» What you need to do: Once you find the line with "Изображение 171. Прочитайте" in the entries below, return exactly every line from it through the line with "There is no health without mental health!".
··········
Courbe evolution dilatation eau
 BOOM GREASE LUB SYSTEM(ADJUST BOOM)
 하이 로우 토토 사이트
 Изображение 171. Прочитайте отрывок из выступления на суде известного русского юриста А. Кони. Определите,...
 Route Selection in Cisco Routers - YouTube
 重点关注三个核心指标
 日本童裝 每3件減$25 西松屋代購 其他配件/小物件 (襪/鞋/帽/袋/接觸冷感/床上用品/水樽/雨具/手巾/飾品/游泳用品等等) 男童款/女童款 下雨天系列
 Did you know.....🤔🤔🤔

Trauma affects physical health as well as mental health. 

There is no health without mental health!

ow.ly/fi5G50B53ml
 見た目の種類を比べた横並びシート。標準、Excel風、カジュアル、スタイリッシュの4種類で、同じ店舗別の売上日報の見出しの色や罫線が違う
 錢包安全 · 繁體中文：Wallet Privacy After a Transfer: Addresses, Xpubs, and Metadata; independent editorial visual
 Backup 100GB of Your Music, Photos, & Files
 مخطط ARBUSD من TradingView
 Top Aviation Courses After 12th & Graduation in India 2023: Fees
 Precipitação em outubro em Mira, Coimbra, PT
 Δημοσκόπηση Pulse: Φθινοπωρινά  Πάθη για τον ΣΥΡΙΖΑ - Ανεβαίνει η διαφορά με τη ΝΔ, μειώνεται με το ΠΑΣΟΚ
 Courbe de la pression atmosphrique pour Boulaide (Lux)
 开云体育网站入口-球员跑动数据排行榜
··········
» Result:
 Изображение 171. Прочитайте отрывок из выступления на суде известного русского юриста А. Кони. Определите,...
 Route Selection in Cisco Routers - YouTube
 重点关注三个核心指标
 日本童裝 每3件減$25 西松屋代購 其他配件/小物件 (襪/鞋/帽/袋/接觸冷感/床上用品/水樽/雨具/手巾/飾品/游泳用品等等) 男童款/女童款 下雨天系列
 Did you know.....🤔🤔🤔

Trauma affects physical health as well as mental health. 

There is no health without mental health!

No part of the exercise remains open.